Moody is bittersweet about losing the 72 foot long landmark.
Long a popular tourist attraction, in recent years the landmark deteriorated into more of an eyesore.
"It's rusty. It's been sitting there for 35 years. And it was built in 1943. So, it's time for it to go," said Moody.
As friends joined her in a champagne toast, a growing crowd gathered to watch or photograph this bit of coast history.
The trackhoe made quick work of the structure atop the steel hull. Badly rusting metal was no match for the heavy duty steel teeth which slowly tore it to pieces. The tug that survived two of the fiercest hurricanes ever, offered little resistance.

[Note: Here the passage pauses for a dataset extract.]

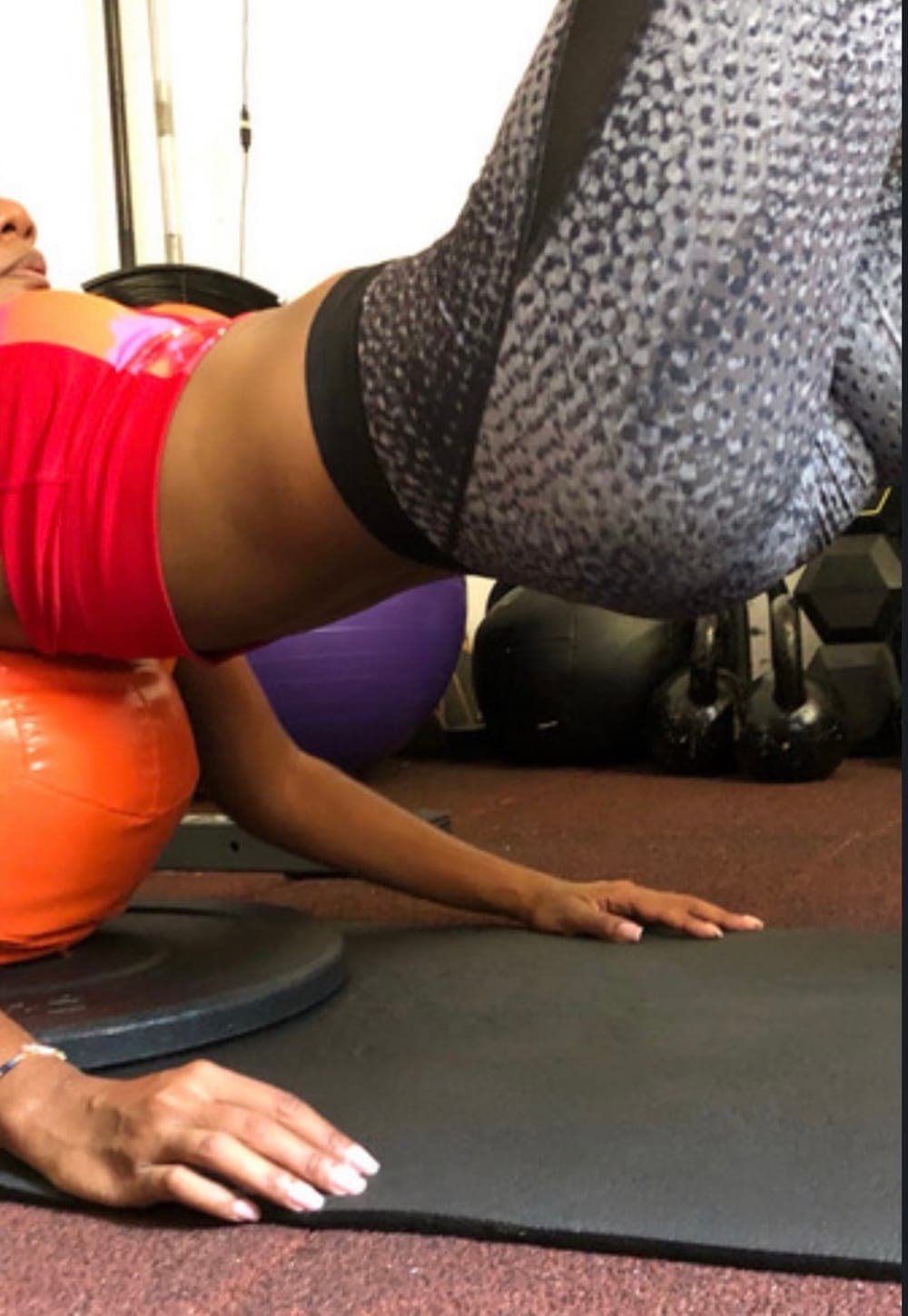 Gainage en salle, appuis au sol et jambes posées sur un ballon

"It's been a landmark. I don't know if people are going to know where they are on this stretch of beach anymore without the boat being here. We're going to miss it for sure," said Chris Fore, whose company donated the demolition services.
Vanessa Clarke worked in the souvenir shop for years. The crowd reminded her of days gone by.
"I don't know how many times I came out of the shop to get pictures of people in front of the boat. A lot of times," she recalled.
For local residents, this familiar tugboat became a symbol of strength against the storms. For visitors, it was a favorite landmark and photo opportunity.
Katherine Trimnal is a frequent visitor from Columbia, South Carolina. She called the demolition a "sad day."
"This is a landmark that I've always enjoyed seeing. Because I remember Hurricane Camille, and I just think it's a shame. I don't understand the need to destroy a piece of history like this," she said.
The owner says it's time to move forward.
"Hurricane put me in business and a hurricane took me out of business," she said.